Yes, I knew that George Grey was a deeply conventional man. And yes, I knew that he was someone who would always have his feet firmly planted on terra firma. There was nothing fanciful or capricious about George. When he tried to be passionately romantic, he often came across as downright silly. But he also had the disarming (and rather attractive) ability to admit that he lacked imagination, and couldn't really engage in flights of fancy. On our third date, he confessed:
'Give me a set of company accounts, and I can be engrossed for hours - like someone turning the pages of a really good novel. But play me a Mozart symphony, and I'm lost. I really don't know what to listen for'.
'You don't have to listen for anything in particular. You just have to like what you hear. It's what Duke Ellington once said, "If it sounds good, it is good."'
He stared at me with wide-eyed admiration. 'You are so damn smart'.
'Hardly', I said.
'You're cultured'.
'You're not exactly from the Bronx, George. I mean, you did go to Princeton'.
'That's certainly no guarantee of ending up cultured', he said - and we both laughed like hell.
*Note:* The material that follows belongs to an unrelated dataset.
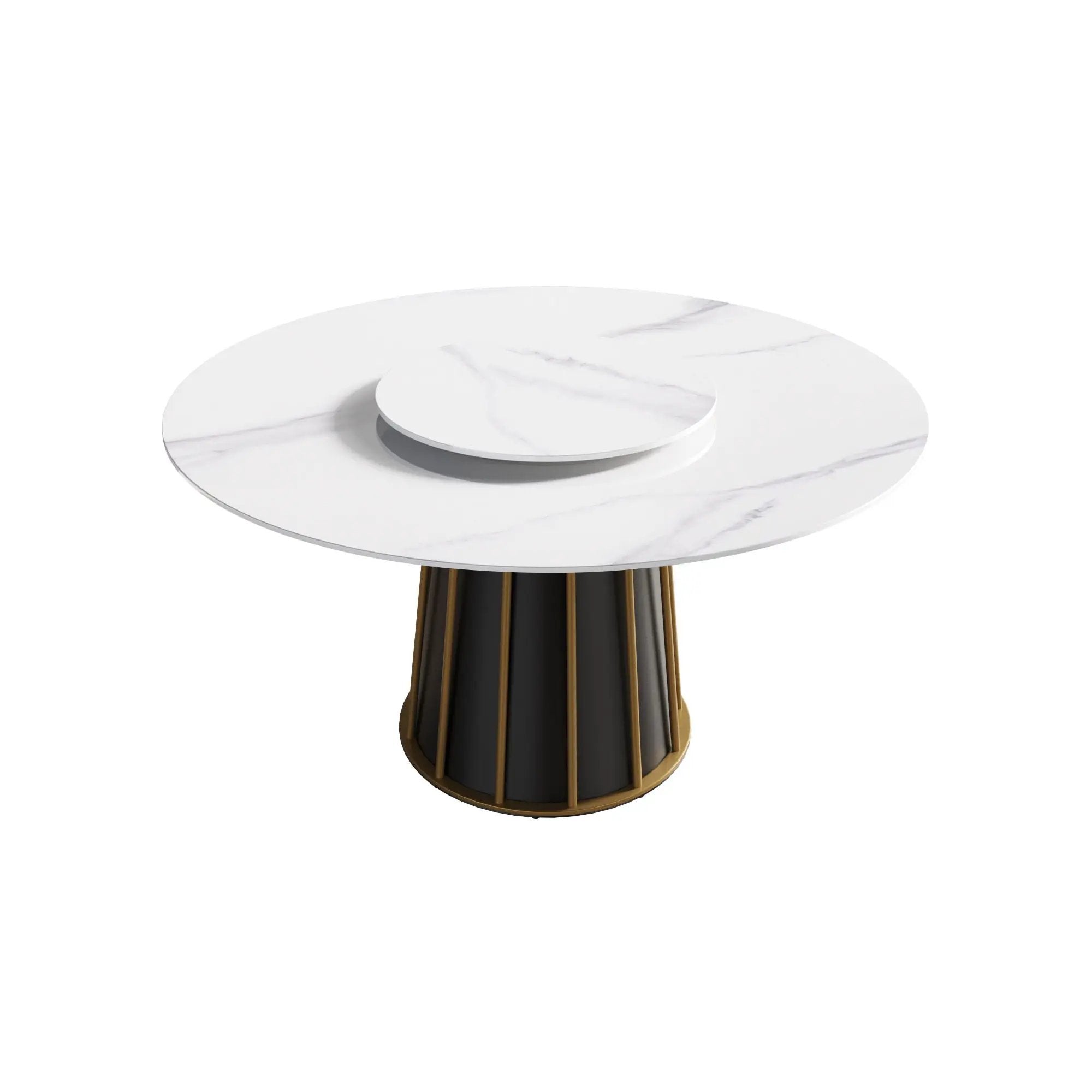 53.15" Modern Artificial Stone Round Panel Metal Iron Base Dining Table, Can Accommodate 6 People-23.62" Artificial Stone Turntable (Not Including Chairs) - White / Black by HouseOfZazla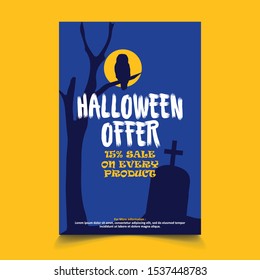 Halloween Night Party Print Ready Poster Vector Template For Multipurpose Use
I liked his self-deprecatory humor. Just as I also liked the way he showered me with books and records and nights at the theater and Sunday afternoon New York Philharmonic concerts - even though I knew that, for George, listening to Rodzinski conduct an all-Prokofiev program was the musical equivalent of two hours in a dentist's chair. But he would never let on that he was bored. He was so eager to please; to learn.
He was also a voracious reader - largely of hefty factual books. I think he was the only man I ever met who'd actually read all four volumes of Churchill's The World Crisis. Fiction, he admitted, was not one of his great interests. 'But you can teach me what to read'.
So I gave him a present of Hemingway's A Farewell to Arms. The morning after, he called me at Saturday/Sunday.
'God, what a book', he said.
'You've finished it already?'
'You bet. He can really tell a story, can't he?'
'Yes, Mr Hemingway does have that ability'.
'And the stuff about the war... it's real sad'.
'Were you moved by the love story between Frederic and Catherine?'
'I had tears running down my face during that final scene in the hospital'.
'I'm glad to hear that'.
'But you know what I was thinking after I put the book down?'
'What, my love?'
'If only she'd had a good American doctor looking after her, she would have probably pulled through'.
'Uh... I'd never thought that. But, yes, I'm sure that's true'.